***** DATA EXTRACTS

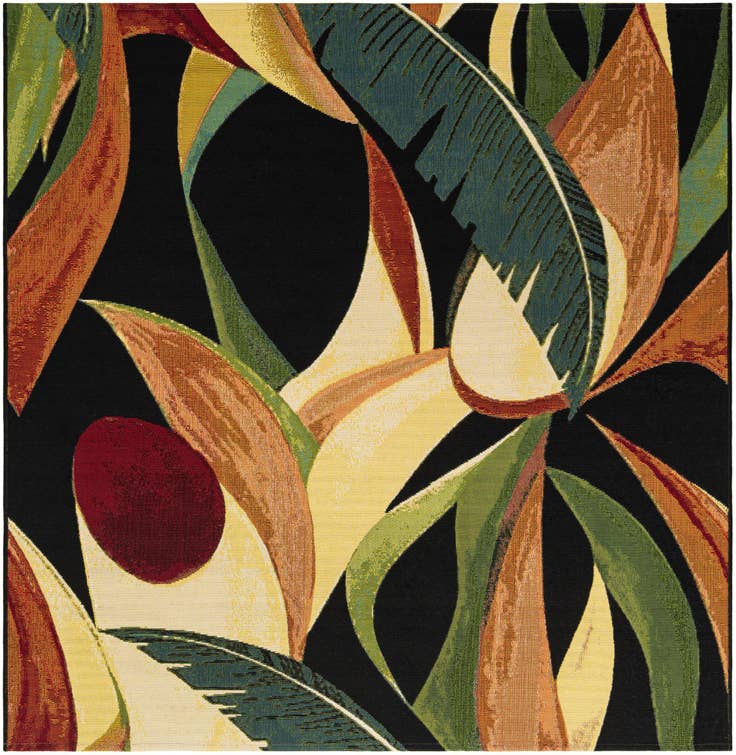Detail image of 5' 3 x 5' 3 Easy-Clean Botanical Indoor / Outdoor Square Rug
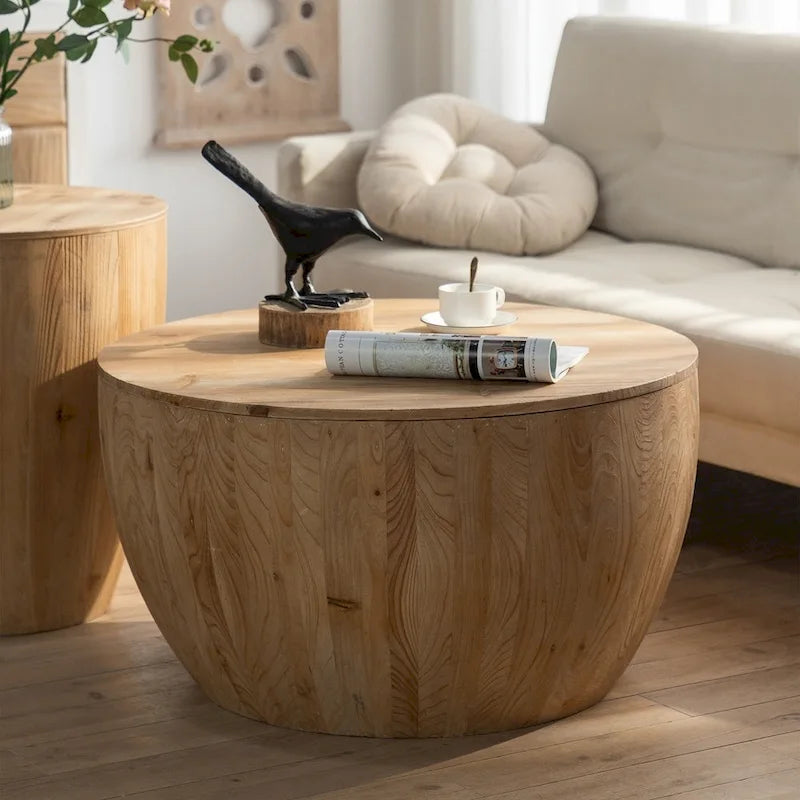 Rustikaler runder Trommel-Couchtisch mit verstecktem Stauraum und Holzplatte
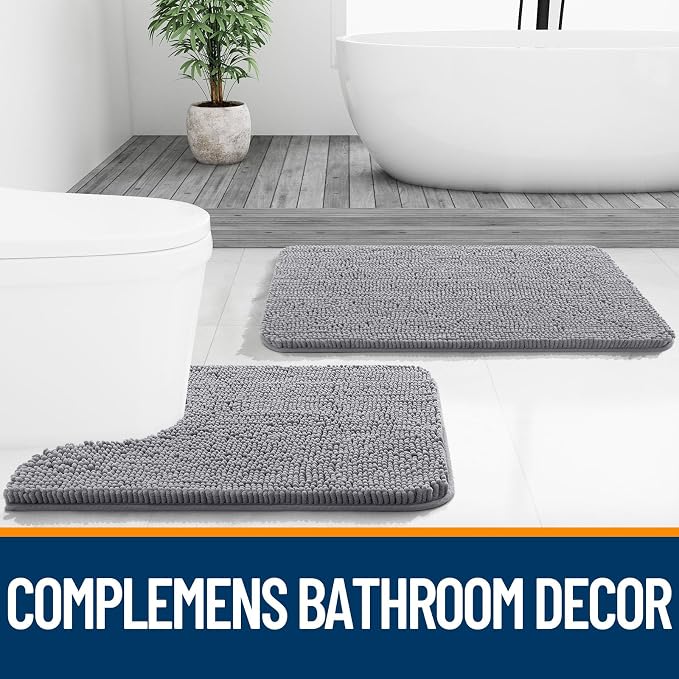 OLANLY Large Bathroom Rugs 47x32, Extra Soft Absorbent Chenille Bath Rugs | Grey, Quick-Drying Rubber Backing, Machine Washable Bath Mat for Bathroom Floor, Tub and Shower, Home Decor Accessories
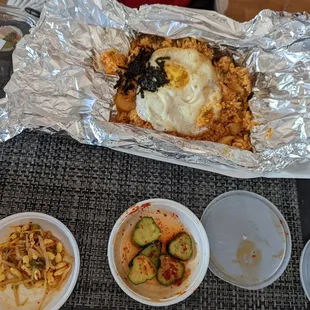 Kim chi fried rice plus egg, and ban chan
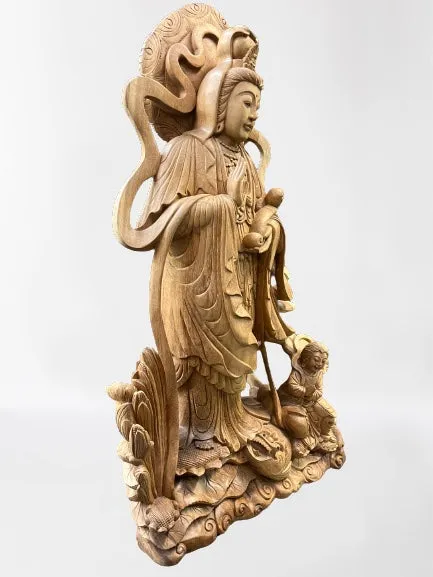 Hand Carved Wood Quan Yin with Ruyi Scepter 44"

**********

__YOUR GOAL__:
Output every line above exactly as it stands, and drop any picture.

__WRITTEN RESPONSE__:
Detail image of 5' 3 x 5' 3 Easy-Clean Botanical Indoor / Outdoor Square Rug
 Rustikaler runder Trommel-Couchtisch mit verstecktem Stauraum und Holzplatte
 OLANLY Large Bathroom Rugs 47x32, Extra Soft Absorbent Chenille Bath Rugs | Grey, Quick-Drying Rubber Backing, Machine Washable Bath Mat for Bathroom Floor, Tub and Shower, Home Decor Accessories
 Kim chi fried rice plus egg, and ban chan
 Hand Carved Wood Quan Yin with Ruyi Scepter 44"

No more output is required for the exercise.